$f:X\to\overline{\mathbb{R}}$ is measurable if and only if $\{x|f(x)>a\},\,a\in\mathbb{Q}$ is measurable with $ \overline{\mathbb{R}}=\mathbb{R}\cup\pm\{\infty\} $.
It is stated in my text book without giving a sufficient proof. Could someone reference to online lecture notes which entail a proof of the statement?
In this context $\overline{\mathbb{R}}$ is equipped with the Borel $\sigma$-algebra $\mathcal{B}$.
Let it be that $\mathcal{V}$ is a collection of subsets of $\overline{\mathbb{R}}$ such that $\sigma\left(\mathcal{V}\right)=\mathcal{B}$, i.e. $\mathcal{B}$ is the smallest $\sigma$-algebra that contains $\mathcal{V}$.

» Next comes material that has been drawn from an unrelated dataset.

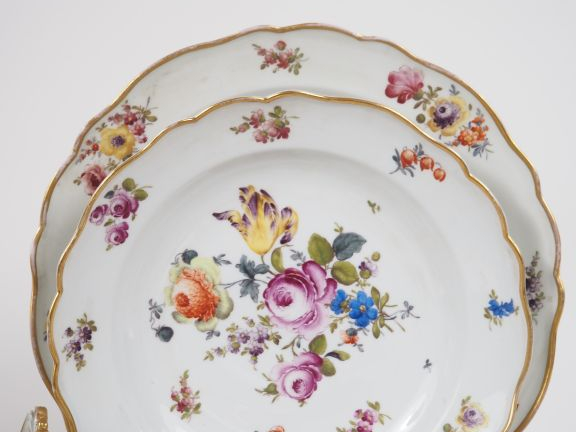 Service de table en porcelaine de Saxe à décor de fleurs polychromes e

If $\left(X,\mathcal{A}\right)$ is a measurabe space the normal condition for a function $f:X\rightarrow\overline{\mathbb{R}}$ to be measurable, i.e. $f^{-1}\left(\mathcal{B}\right)\subseteq\mathcal{A}$, can be weakened to $f^{-1}\left(\mathcal{V}\right)\subseteq\mathcal{A}$.
In fact we have $f^{-1}\left(\sigma\left(\mathcal{V}\right)\right)=\sigma\left(f^{-1}\left(\mathcal{V}\right)\right)$ so that on base of $f^{-1}\left(\mathcal{V}\right)\subseteq\mathcal{A}$ we find: $$f^{-1}\left(\mathcal{B}\right)=f^{-1}\left(\sigma\left(\mathcal{V}\right)\right)=\sigma\left(f^{-1}\left(\mathcal{V}\right)\right)\subseteq\mathcal{A}$$ A proof of that can be found here.
The statement in your question is true because $\mathcal{V}:=\left\{ \left(a,+\infty\right]\mid a\in\mathbb{Q}\right\} $ indeed satisfies the mentioned condition $\sigma\left(\mathcal{V}\right)=\mathcal{B}$.